The Bjerkreim-Sokndal layered intrusion (BKSK) consists of a > 7000-m-thick Layered Series comprising anorthosites, leuconorites, troctolites, norites, gabbronorites and jotunites (hypersthene monzodiorites), overlain by an unknown thickness of massive, evolved rocks: mangerites (hypersthene monzonites; MG), quartz mangerites (QMG) and charnockites (CH). The Layered Series is subdivided into six megacyclic units that represent the crystallisation products of successive major influxes of magma. We have studied a ca. 2000-m-thick section that straddles the sequence from the uppermost part of the Layered Series to the QMG in the northern part of the intrusion. Mineral compositions in 37 samples change continuously in the lower part of the sequence up to the middle of the MG-unit (plagioclase An37-18; olivine Fo40-7; Ca-poor pyroxene Mg#57-15; Ca-rich pyroxene Mg#65-21). Above this compositions are essentially constant in the upper part of the MG-unit and in the QMG (An21-13; Fo6-4; Mg#opx17-13; Mg#cpx25-20).

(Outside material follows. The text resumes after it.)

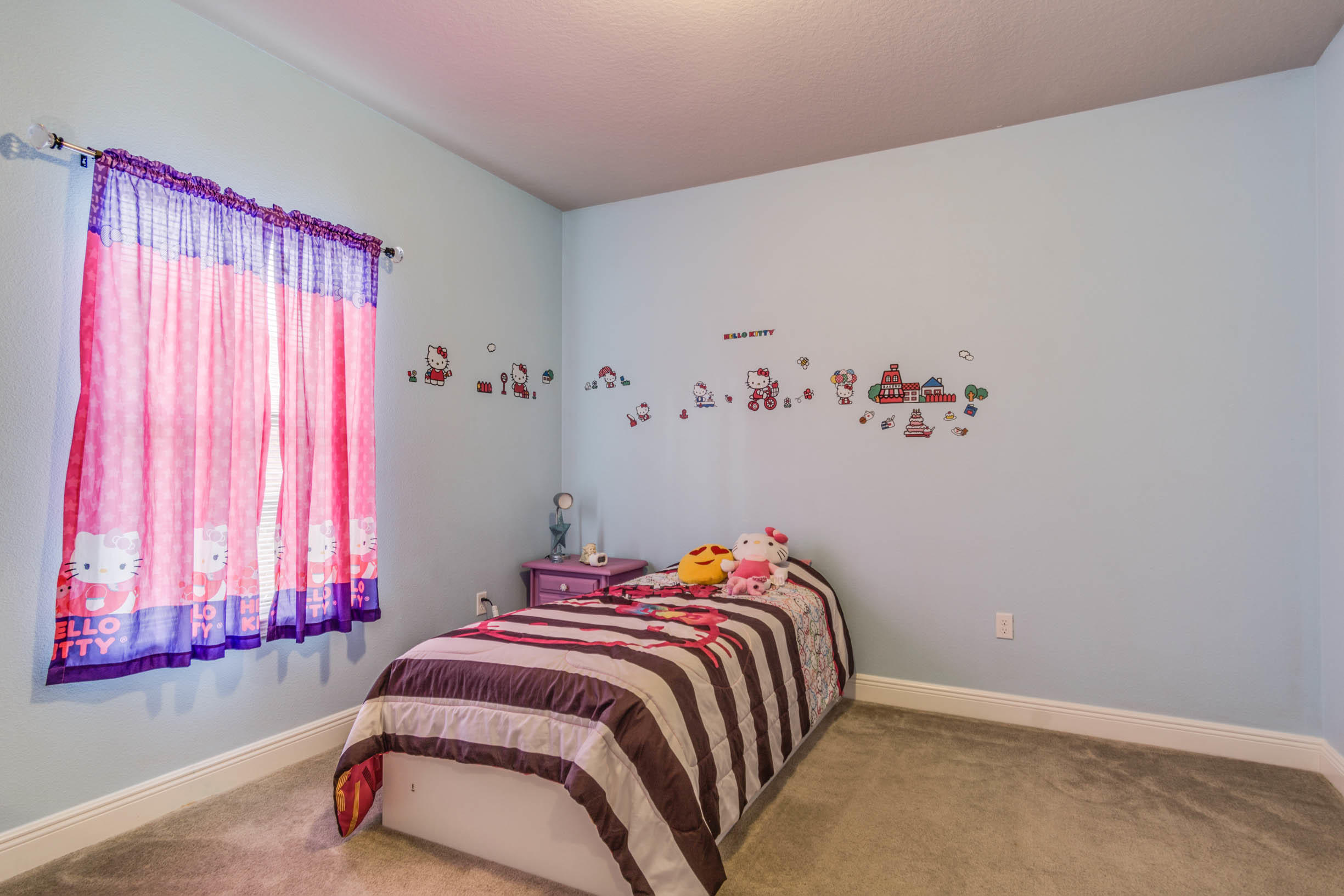 644 Red Fern Road Crestview, FL 32536 - Photo 30 of 46 a bedroom with a bed and a window
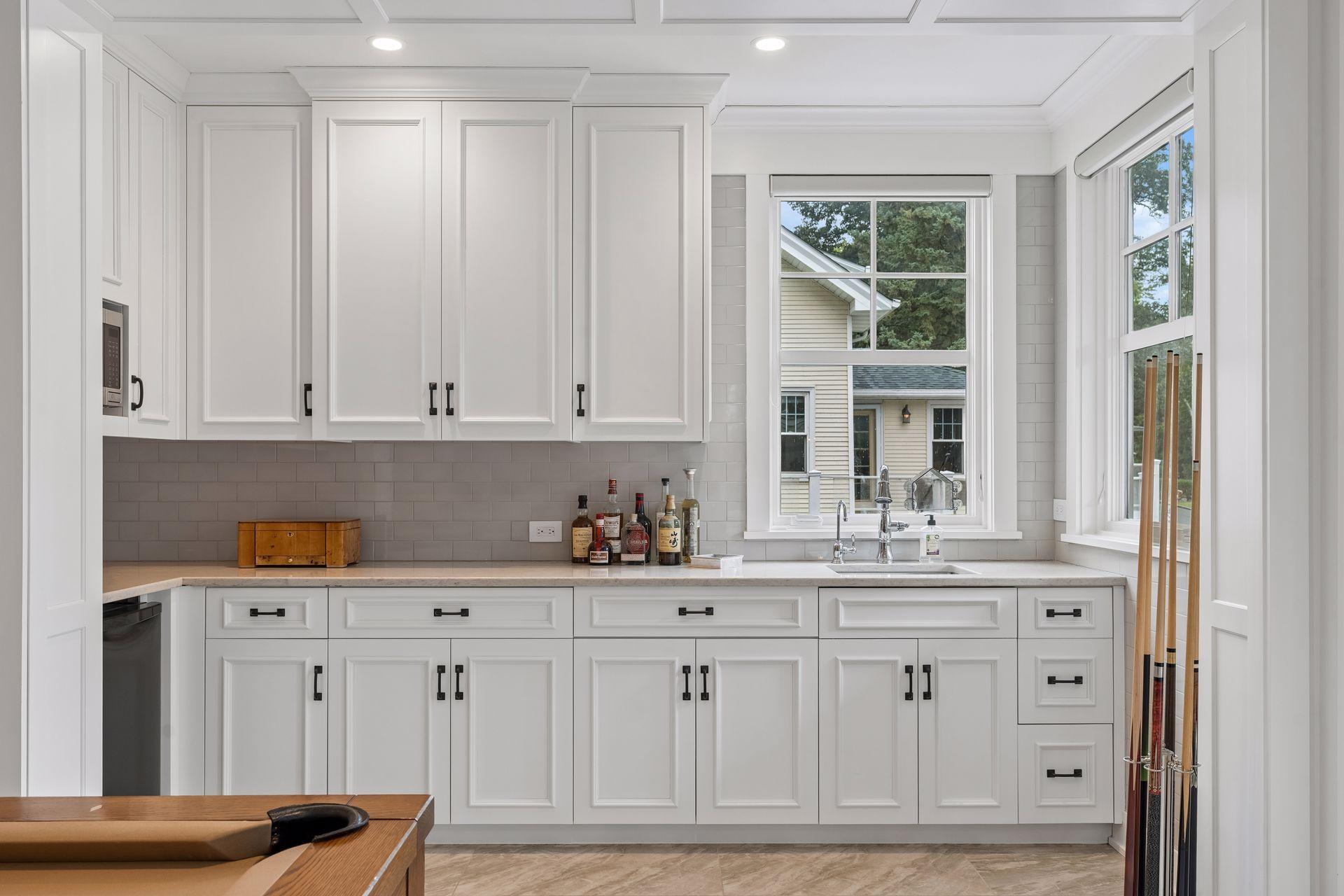 family room area with wet bar and tons of storage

The amount of interstitial quartz and the amount of normative orthoclase, however, both increase systematically upwards through the QMG-unit, implying that these rocks are cumulates. There is no evidence of a compositional break in the MG-QMG sequence that could reflect influx of relatively primitive magma. Two types of QMG/CH are known in the uppermost part of BKSK. Olivine-bearing types are comagmatic with the underlying Layered Series; the studied stratigraphic sequence belongs to this suite. Two-pyroxene QMG and amphibole CH define a separate compositional lineage related to jotunites. An intrusive unit of dominantly two-pyroxene QMG is discordant to the olivine-bearing jotunite-MG-QMG sequence near Rapstad, confirming the presence of two compositionally distinct suites of QMG and related lithologies in the upper part of BKSK. A xenolith-rich unit near the olivine-bearing MG-QMG boundary represents a major collapse of the roof of the magma chamber during the final stages of crystallisation.